You will also notice that the obfuscated file matches the original on those two stats, STRINGS_REGISTER_TERM and ARITH_UNATE.
If you're unsure which stats to track, simply don't supply any and SMT-RMO will use a machine-learned set of stats for the given logic and solver.
Note: To avoid ambiguity for CVC5 stat names, it is advisable to supply the complete path of a stat, as shown above, instead of just the leaf.
Suppose you have a formula that is unsat and you want to obfuscate it while maintaining equisatisfiablity. This can be done using the unsat oracle.
python src/RMO.py \
--oracle=unsat \
--solver=<cvc4 solver path> \
--obfuscate \
<smtlib script path>Note: for sat, you would use --oracle=sat.

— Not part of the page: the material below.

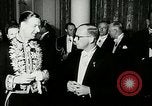 Standbild Prinz Bernhard Addis Abeba Äthiopien, 1953, aus Sekunde 31 historischem Filmmaterial Videoclip 65675069097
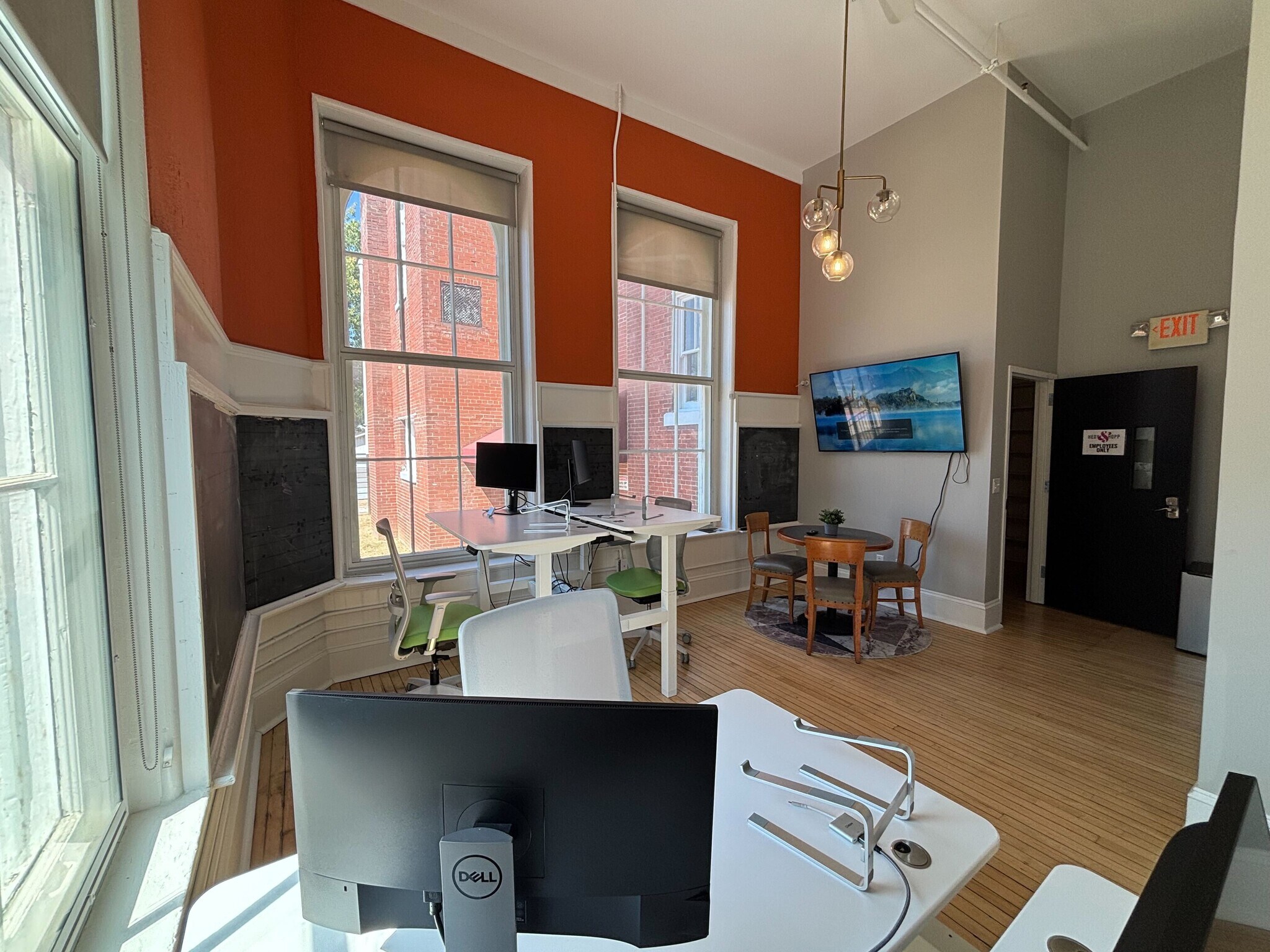 8221 Minnesota Ave, Saint Louis, MO for lease Interior Photo- Image 1 of 4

Consider a script that causes a performance regression between two versions of a solver. Here we have a script that is solved immediately by cvc4 but that times out with cvc5. We can use a differential oracle to minimize/obfuscate the file while maintaining this difference in performance.
python src/RMO.py \
--oracle=timeout_regression \
--solver=<cvc4 solver path> \
--solver2=<cvc5 solver path> \
--solver-timeout=2 \
--minimize \
<smtlib script path>
SMT-RMO requires the user to specify an oracle, a function that constrains how SMT-RMO obfuscates/minimizes an SMTLIB file. For example, the segfault oracle ensures that a segfault exhibited by the input file is maintained in the output file. Below we list all the oracles currently provided in SMT-RMO.
| Oracle name | Description |
|---|---|
segfault |
Maintains segfault in input file |
exitcode |
Maintains a user provided exit code, provided using --signal |
timeout |
Maintains that the file times out within a user-provided bound, provided using --solver-timeout |
stdout, stderr, stdouterr |
Maintains that stdout/err matches a given regex, provided using --regex |
sat, unsat, unknown |
Maintains that (un)satisfiablity or "unknown" |
timeout_regression |
Maintains that solver terminates and solver2 times out, provided using solver-timeout |
stats |
Maintains that the solver (CVC5 or Z3) stats only change by some percentage, provided by threshold |
For debugging purposes, we also provide the true and false oracles, which accept/reject any SMTLIB script, respectively.
- FloatingPoint support
- Fuzzing for generating many benchmarks from a single seed
- Stronger methods for obfuscating constants
This project is licensed under the Apache-2.0 License.